Successive SLP administrations would venture further and further away from the wicked and cruel fraud that was the promise of 1997. There were overt attempts at silencing the media, such as the enactment of Section 361 (famously repealed under relentless pressure from a particular local newspaper) that prescribed imprisonment for offending journalists. Then there were the threats of libel suits against Newsspin’s Timothy Poleon by a government senator.    

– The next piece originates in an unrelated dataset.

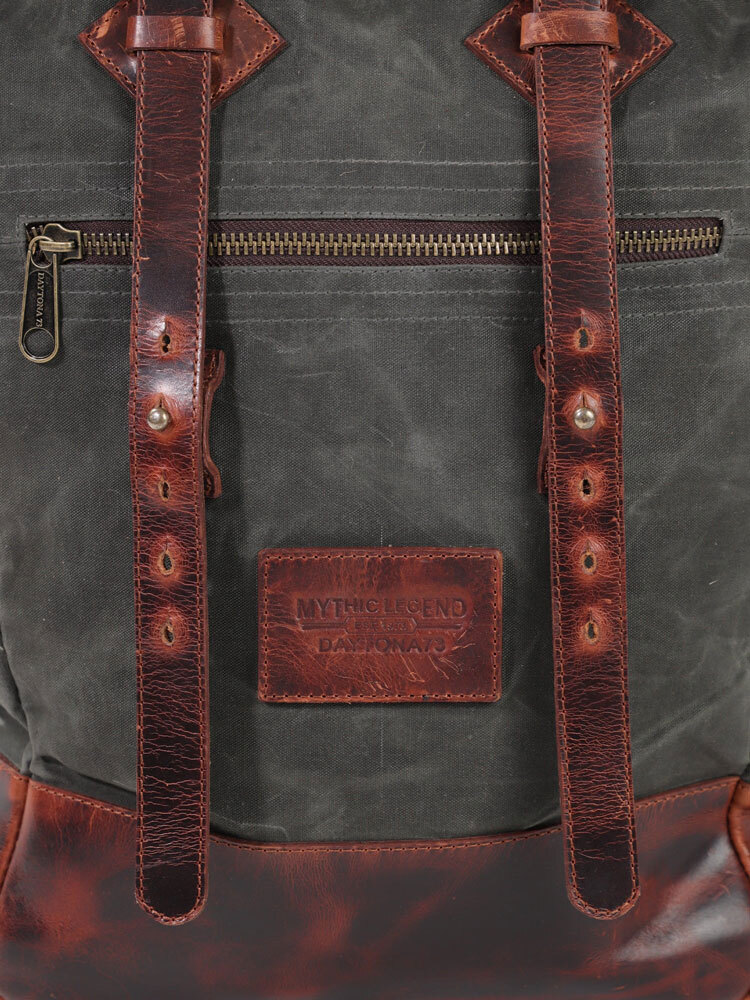 Vêtement en cuir Maroquinerie homme kaki, cognac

The current Allen Chastanet-led UWP administration rose to power on a wave of similar assurances. A party not particularly known for vitality in opposition was uncharacteristically unrelenting in its insistence on transparency and accountability from the then incumbent SLP administration. They held rousing public meetings and protests, and addressed the media at every turn, seeking redress for what they determined mismanagement, and promised to uphold the ideals of transparency and accountability. They would supplant the SLP administration on 6 June, 2016. Will they live up to their transparency promise? The question is perhaps premature, for they have not sought to enact any legislation akin to section 361, nor threatened libel litigation against media personnel. However, the existence of broad legislation prohibiting the leaking of information on the activities of government by officials sworn to secrecy, to my mind flies in the face of transparency and accountability.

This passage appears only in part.